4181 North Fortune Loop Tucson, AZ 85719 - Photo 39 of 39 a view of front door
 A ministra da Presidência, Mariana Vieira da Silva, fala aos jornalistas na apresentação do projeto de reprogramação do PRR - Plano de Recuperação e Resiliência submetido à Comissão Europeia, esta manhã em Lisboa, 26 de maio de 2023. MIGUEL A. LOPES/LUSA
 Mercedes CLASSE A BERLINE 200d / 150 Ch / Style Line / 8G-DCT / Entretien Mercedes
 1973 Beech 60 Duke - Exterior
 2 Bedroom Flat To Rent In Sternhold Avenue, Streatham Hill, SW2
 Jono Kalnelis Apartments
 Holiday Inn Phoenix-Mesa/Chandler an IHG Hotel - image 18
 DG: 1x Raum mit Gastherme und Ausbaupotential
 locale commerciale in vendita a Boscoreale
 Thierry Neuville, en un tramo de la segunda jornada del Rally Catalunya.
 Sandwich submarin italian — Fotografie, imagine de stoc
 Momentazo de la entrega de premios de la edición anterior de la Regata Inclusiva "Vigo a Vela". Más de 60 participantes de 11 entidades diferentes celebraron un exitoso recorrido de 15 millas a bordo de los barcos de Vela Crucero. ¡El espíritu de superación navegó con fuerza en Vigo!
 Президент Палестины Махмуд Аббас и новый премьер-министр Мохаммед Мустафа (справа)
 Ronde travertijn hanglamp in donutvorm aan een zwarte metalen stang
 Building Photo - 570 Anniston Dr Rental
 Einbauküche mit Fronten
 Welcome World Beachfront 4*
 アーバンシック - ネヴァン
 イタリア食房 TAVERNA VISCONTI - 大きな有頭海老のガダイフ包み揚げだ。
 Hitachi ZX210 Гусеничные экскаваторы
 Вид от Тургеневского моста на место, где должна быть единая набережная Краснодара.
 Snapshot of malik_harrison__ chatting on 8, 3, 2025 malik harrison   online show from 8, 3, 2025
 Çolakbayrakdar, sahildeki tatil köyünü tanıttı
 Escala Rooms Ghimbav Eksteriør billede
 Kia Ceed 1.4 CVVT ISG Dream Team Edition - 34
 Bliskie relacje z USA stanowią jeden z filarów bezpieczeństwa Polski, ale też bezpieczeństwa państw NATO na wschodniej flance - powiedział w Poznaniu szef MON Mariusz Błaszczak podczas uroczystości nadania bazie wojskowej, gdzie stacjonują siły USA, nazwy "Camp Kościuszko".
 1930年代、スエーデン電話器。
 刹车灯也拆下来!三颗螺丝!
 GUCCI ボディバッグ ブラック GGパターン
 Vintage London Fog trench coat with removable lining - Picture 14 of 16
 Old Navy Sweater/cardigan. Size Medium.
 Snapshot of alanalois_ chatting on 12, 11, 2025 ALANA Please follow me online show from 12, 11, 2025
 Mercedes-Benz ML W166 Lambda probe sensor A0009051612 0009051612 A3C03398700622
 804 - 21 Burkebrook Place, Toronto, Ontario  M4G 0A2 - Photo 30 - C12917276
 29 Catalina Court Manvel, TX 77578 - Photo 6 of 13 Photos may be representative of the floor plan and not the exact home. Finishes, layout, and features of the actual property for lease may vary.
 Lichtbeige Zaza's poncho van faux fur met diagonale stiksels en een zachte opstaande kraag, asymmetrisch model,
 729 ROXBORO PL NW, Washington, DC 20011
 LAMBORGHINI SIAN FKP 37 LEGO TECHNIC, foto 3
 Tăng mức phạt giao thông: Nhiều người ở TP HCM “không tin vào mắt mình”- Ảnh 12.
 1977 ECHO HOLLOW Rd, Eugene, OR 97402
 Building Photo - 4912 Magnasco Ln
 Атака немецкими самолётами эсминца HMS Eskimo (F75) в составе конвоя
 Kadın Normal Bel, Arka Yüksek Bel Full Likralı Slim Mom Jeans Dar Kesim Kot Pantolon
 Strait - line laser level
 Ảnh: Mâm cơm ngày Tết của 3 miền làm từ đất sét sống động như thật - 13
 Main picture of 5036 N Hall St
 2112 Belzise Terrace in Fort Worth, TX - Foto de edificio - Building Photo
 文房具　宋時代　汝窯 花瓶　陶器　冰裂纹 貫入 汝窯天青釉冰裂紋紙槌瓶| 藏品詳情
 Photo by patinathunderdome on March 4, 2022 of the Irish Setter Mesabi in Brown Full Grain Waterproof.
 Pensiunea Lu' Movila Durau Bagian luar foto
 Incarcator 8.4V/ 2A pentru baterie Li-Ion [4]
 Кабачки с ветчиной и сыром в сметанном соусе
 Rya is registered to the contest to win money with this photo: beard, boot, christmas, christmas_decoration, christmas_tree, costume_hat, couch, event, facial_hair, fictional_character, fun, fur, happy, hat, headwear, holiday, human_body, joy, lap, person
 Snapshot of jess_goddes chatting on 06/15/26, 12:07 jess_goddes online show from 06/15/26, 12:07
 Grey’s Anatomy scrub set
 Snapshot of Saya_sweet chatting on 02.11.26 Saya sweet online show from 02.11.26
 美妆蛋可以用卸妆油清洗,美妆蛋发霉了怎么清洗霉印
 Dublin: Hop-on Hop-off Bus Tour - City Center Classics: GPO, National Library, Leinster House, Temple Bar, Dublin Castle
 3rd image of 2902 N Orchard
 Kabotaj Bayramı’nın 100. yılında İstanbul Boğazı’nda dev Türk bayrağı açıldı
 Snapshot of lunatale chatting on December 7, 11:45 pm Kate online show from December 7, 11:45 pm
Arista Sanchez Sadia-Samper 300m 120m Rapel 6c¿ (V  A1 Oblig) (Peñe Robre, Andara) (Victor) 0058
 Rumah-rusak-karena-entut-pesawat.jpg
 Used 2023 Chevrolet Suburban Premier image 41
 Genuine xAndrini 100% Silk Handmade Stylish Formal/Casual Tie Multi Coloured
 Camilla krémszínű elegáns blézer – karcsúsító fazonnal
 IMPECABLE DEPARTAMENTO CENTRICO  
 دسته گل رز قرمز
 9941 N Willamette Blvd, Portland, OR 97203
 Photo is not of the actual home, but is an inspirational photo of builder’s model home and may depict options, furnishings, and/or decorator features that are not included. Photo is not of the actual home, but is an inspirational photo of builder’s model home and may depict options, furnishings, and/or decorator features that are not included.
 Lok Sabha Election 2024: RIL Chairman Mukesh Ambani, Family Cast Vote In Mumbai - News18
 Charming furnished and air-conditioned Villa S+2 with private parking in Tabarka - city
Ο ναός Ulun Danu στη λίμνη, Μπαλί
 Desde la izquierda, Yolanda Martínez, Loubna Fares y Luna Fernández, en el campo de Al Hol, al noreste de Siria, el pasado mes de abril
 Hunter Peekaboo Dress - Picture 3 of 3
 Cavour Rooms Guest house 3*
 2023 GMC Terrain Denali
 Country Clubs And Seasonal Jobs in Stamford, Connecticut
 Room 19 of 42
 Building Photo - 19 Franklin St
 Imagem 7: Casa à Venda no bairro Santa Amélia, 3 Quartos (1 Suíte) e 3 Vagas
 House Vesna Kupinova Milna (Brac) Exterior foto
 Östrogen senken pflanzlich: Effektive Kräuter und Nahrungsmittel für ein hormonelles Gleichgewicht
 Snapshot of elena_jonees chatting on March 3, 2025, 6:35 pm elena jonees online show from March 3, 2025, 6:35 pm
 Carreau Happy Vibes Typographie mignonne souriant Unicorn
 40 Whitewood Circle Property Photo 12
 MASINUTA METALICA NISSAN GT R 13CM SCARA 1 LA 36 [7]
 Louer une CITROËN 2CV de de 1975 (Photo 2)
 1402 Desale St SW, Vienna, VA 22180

--------------------

* [The task] The records above should be repeated exactly. Print them all.

* [Result for this task]
4181 North Fortune Loop Tucson, AZ 85719 - Photo 39 of 39 a view of front door
 A ministra da Presidência, Mariana Vieira da Silva, fala aos jornalistas na apresentação do projeto de reprogramação do PRR - Plano de Recuperação e Resiliência submetido à Comissão Europeia, esta manhã em Lisboa, 26 de maio de 2023. MIGUEL A. LOPES/LUSA
 Mercedes CLASSE A BERLINE 200d / 150 Ch / Style Line / 8G-DCT / Entretien Mercedes
 1973 Beech 60 Duke - Exterior
 2 Bedroom Flat To Rent In Sternhold Avenue, Streatham Hill, SW2
 Jono Kalnelis Apartments
 Holiday Inn Phoenix-Mesa/Chandler an IHG Hotel - image 18
 DG: 1x Raum mit Gastherme und Ausbaupotential
 locale commerciale in vendita a Boscoreale
 Thierry Neuville, en un tramo de la segunda jornada del Rally Catalunya.
 Sandwich submarin italian — Fotografie, imagine de stoc
 Momentazo de la entrega de premios de la edición anterior de la Regata Inclusiva "Vigo a Vela". Más de 60 participantes de 11 entidades diferentes celebraron un exitoso recorrido de 15 millas a bordo de los barcos de Vela Crucero. ¡El espíritu de superación navegó con fuerza en Vigo!
 Президент Палестины Махмуд Аббас и новый премьер-министр Мохаммед Мустафа (справа)
 Ronde travertijn hanglamp in donutvorm aan een zwarte metalen stang
 Building Photo - 570 Anniston Dr Rental
 Einbauküche mit Fronten
 Welcome World Beachfront 4*
 アーバンシック - ネヴァン
 イタリア食房 TAVERNA VISCONTI - 大きな有頭海老のガダイフ包み揚げだ。
 Hitachi ZX210 Гусеничные экскаваторы
 Вид от Тургеневского моста на место, где должна быть единая набережная Краснодара.
 Snapshot of malik_harrison__ chatting on 8, 3, 2025 malik harrison   online show from 8, 3, 2025
 Çolakbayrakdar, sahildeki tatil köyünü tanıttı
 Escala Rooms Ghimbav Eksteriør billede
 Kia Ceed 1.4 CVVT ISG Dream Team Edition - 34
 Bliskie relacje z USA stanowią jeden z filarów bezpieczeństwa Polski, ale też bezpieczeństwa państw NATO na wschodniej flance - powiedział w Poznaniu szef MON Mariusz Błaszczak podczas uroczystości nadania bazie wojskowej, gdzie stacjonują siły USA, nazwy "Camp Kościuszko".
 1930年代、スエーデン電話器。
 刹车灯也拆下来!三颗螺丝!
 GUCCI ボディバッグ ブラック GGパターン
 Vintage London Fog trench coat with removable lining - Picture 14 of 16
 Old Navy Sweater/cardigan. Size Medium.
 Snapshot of alanalois_ chatting on 12, 11, 2025 ALANA Please follow me online show from 12, 11, 2025
 Mercedes-Benz ML W166 Lambda probe sensor A0009051612 0009051612 A3C03398700622
 804 - 21 Burkebrook Place, Toronto, Ontario  M4G 0A2 - Photo 30 - C12917276
 29 Catalina Court Manvel, TX 77578 - Photo 6 of 13 Photos may be representative of the floor plan and not the exact home. Finishes, layout, and features of the actual property for lease may vary.
 Lichtbeige Zaza's poncho van faux fur met diagonale stiksels en een zachte opstaande kraag, asymmetrisch model,
 729 ROXBORO PL NW, Washington, DC 20011
 LAMBORGHINI SIAN FKP 37 LEGO TECHNIC, foto 3
 Tăng mức phạt giao thông: Nhiều người ở TP HCM “không tin vào mắt mình”- Ảnh 12.
 1977 ECHO HOLLOW Rd, Eugene, OR 97402
 Building Photo - 4912 Magnasco Ln
 Атака немецкими самолётами эсминца HMS Eskimo (F75) в составе конвоя
 Kadın Normal Bel, Arka Yüksek Bel Full Likralı Slim Mom Jeans Dar Kesim Kot Pantolon
 Strait - line laser level
 Ảnh: Mâm cơm ngày Tết của 3 miền làm từ đất sét sống động như thật - 13
 Main picture of 5036 N Hall St
 2112 Belzise Terrace in Fort Worth, TX - Foto de edificio - Building Photo
 文房具　宋時代　汝窯 花瓶　陶器　冰裂纹 貫入 汝窯天青釉冰裂紋紙槌瓶| 藏品詳情
 Photo by patinathunderdome on March 4, 2022 of the Irish Setter Mesabi in Brown Full Grain Waterproof.
 Pensiunea Lu' Movila Durau Bagian luar foto
 Incarcator 8.4V/ 2A pentru baterie Li-Ion [4]
 Кабачки с ветчиной и сыром в сметанном соусе
 Rya is registered to the contest to win money with this photo: beard, boot, christmas, christmas_decoration, christmas_tree, costume_hat, couch, event, facial_hair, fictional_character, fun, fur, happy, hat, headwear, holiday, human_body, joy, lap, person
 Snapshot of jess_goddes chatting on 06/15/26, 12:07 jess_goddes online show from 06/15/26, 12:07
 Grey’s Anatomy scrub set
 Snapshot of Saya_sweet chatting on 02.11.26 Saya sweet online show from 02.11.26
 美妆蛋可以用卸妆油清洗,美妆蛋发霉了怎么清洗霉印
 Dublin: Hop-on Hop-off Bus Tour - City Center Classics: GPO, National Library, Leinster House, Temple Bar, Dublin Castle
 3rd image of 2902 N Orchard
 Kabotaj Bayramı’nın 100. yılında İstanbul Boğazı’nda dev Türk bayrağı açıldı
 Snapshot of lunatale chatting on December 7, 11:45 pm Kate online show from December 7, 11:45 pm
Arista Sanchez Sadia-Samper 300m 120m Rapel 6c¿ (V  A1 Oblig) (Peñe Robre, Andara) (Victor) 0058
 Rumah-rusak-karena-entut-pesawat.jpg
 Used 2023 Chevrolet Suburban Premier image 41
 Genuine xAndrini 100% Silk Handmade Stylish Formal/Casual Tie Multi Coloured
 Camilla krémszínű elegáns blézer – karcsúsító fazonnal
 IMPECABLE DEPARTAMENTO CENTRICO  
 دسته گل رز قرمز
 9941 N Willamette Blvd, Portland, OR 97203
 Photo is not of the actual home, but is an inspirational photo of builder’s model home and may depict options, furnishings, and/or decorator features that are not included. Photo is not of the actual home, but is an inspirational photo of builder’s model home and may depict options, furnishings, and/or decorator features that are not included.
 Lok Sabha Election 2024: RIL Chairman Mukesh Ambani, Family Cast Vote In Mumbai - News18
 Charming furnished and air-conditioned Villa S+2 with private parking in Tabarka - city
Ο ναός Ulun Danu στη λίμνη, Μπαλί
 Desde la izquierda, Yolanda Martínez, Loubna Fares y Luna Fernández, en el campo de Al Hol, al noreste de Siria, el pasado mes de abril
 Hunter Peekaboo Dress - Picture 3 of 3
 Cavour Rooms Guest house 3*
 2023 GMC Terrain Denali
 Country Clubs And Seasonal Jobs in Stamford, Connecticut
 Room 19 of 42
 Building Photo - 19 Franklin St
 Imagem 7: Casa à Venda no bairro Santa Amélia, 3 Quartos (1 Suíte) e 3 Vagas
 House Vesna Kupinova Milna (Brac) Exterior foto
 Östrogen senken pflanzlich: Effektive Kräuter und Nahrungsmittel für ein hormonelles Gleichgewicht
 Snapshot of elena_jonees chatting on March 3, 2025, 6:35 pm elena jonees online show from March 3, 2025, 6:35 pm
 Carreau Happy Vibes Typographie mignonne souriant Unicorn
 40 Whitewood Circle Property Photo 12
 MASINUTA METALICA NISSAN GT R 13CM SCARA 1 LA 36 [7]
 Louer une CITROËN 2CV de de 1975 (Photo 2)
 1402 Desale St SW, Vienna, VA 22180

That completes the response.